Oh and of course 3000 mAh is not at 12.5A/cell (it's 3000 mAh @ 0.6A). Put more in parallele and you'll gain some "usable" capacity because of less voltage drop (from internal resistance) and thus less heat loss in energy/capacity.
 
I am not sure what to think now.
I trusted lunacycle with this setup and their description( as they are reliable seller).
and this review said 1p can handle 15A continuosly with decent voltage drop and short pulse 20A (it gets warm >20A)
http://lygte-info.dk/review/batteries2012/Samsung%20INR18650-30Q%203000mAh%20%28Pink%29%20UK.html

And I intend to use it at double lower values - 15A for most the times and 25A for short period (for 2p configuration)

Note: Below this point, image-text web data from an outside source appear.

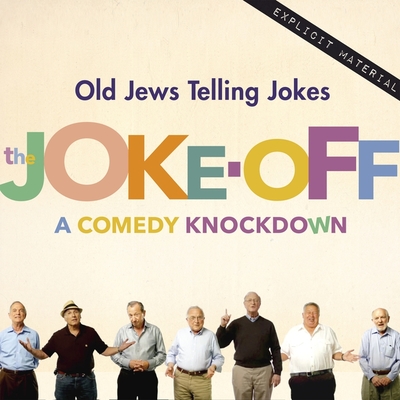 The Joke-Off: A Comedy Knockdown - Hoffman, Sam (Editor), and Various (Read by), and Spiegelman, Eric (Editor)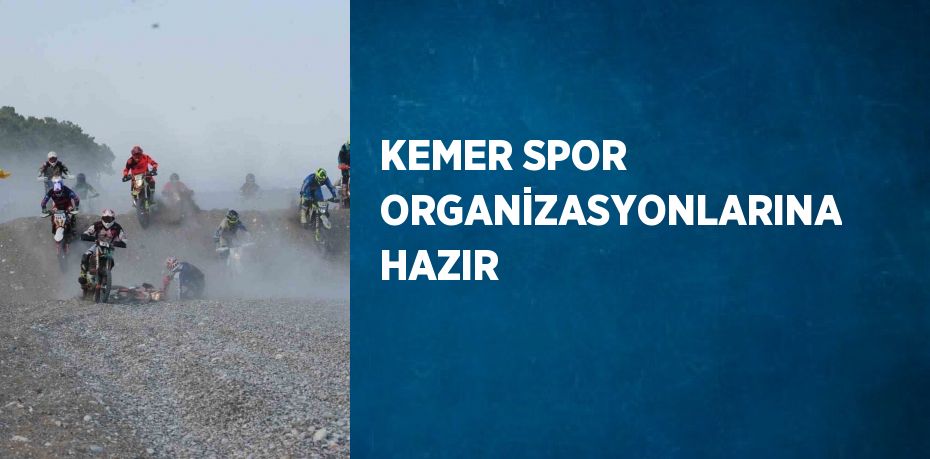 KEMER SPOR ORGANİZASYONLARINA HAZIR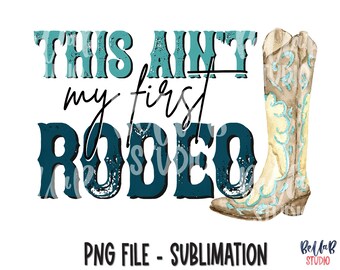 This Ain't My First Rodeo Sublimation Design, Turquoise, Funny, Southern, Country, Sassy Country, Sublimation Digital Download, PNG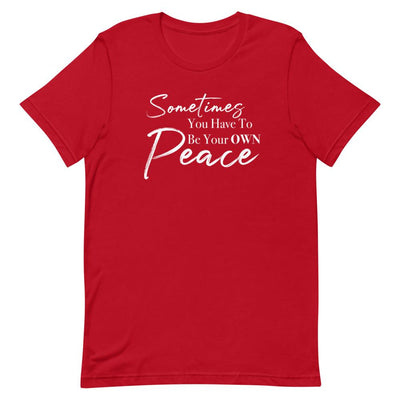Sometimes You Have to Be Your Own Peace Short-Sleeve Unisex T-Shirt- White Font Red L 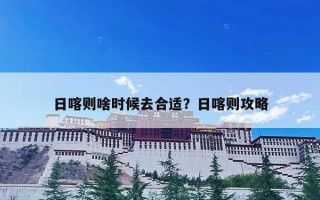 日喀则啥时候去合适？日喀则攻略
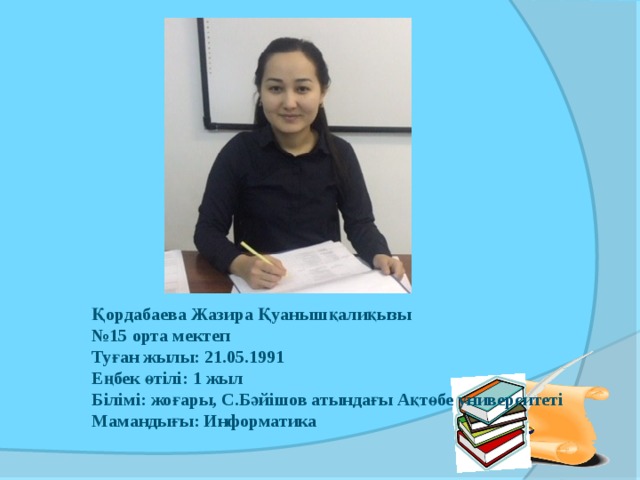     Қордабаева Жазира Қуанышқалиқызы № 15 орта мектеп Туған жылы: 21.05.1991 Еңбек өтілі: 1 жыл Білімі: жоғары, С.Бәйішов атындағы Ақтөбе университеті Мамандығы: Информатика  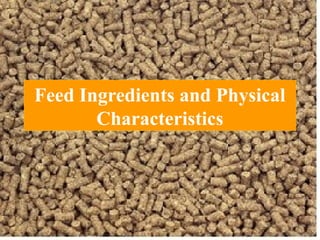 Feed Ingredients and Physical
Characteristics
 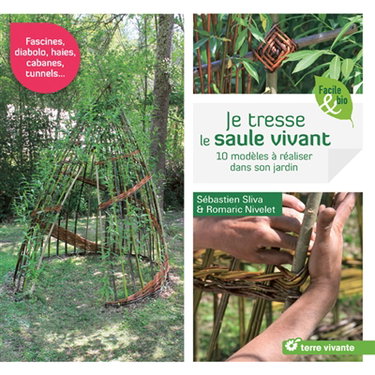 Couverture de Je tresse le saule vivant : 10 modèles à réaliser dans son jardin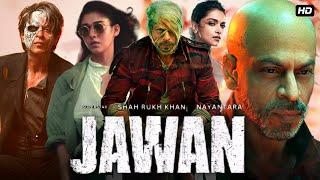 Jawan Full Movie Shah Rukh Khan Atlee Nayanthara Deepika P Latest Bollywood Movie 2023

Well, I got all stuff needed to build the pack and have no room for 3p so I´ll give it a try. Any sugestions are welcome (regarding the weld/solder design), and I will post the progress for future readers. I am willing to take this as the test, even if it fails. Thank you!
 
I vote for version 2. The main reason is that the pack will be mechanically stronger. 12 gauge copper wire should be sufficient for the series current but the additional nickel strips will make the pack stiffer.
Report back and let us know how a 2P pack performs. Do you have a stronger pack for comparison?
 
With Samsung 30Q and 15A continuous and 25A max then 2P is probably pushing it a bit, but will be OK. Cell life may not be the greatest.

IIRC capacity at max continuous draw is more like 2.9Ah compared to 3.0Ah, so no that much less.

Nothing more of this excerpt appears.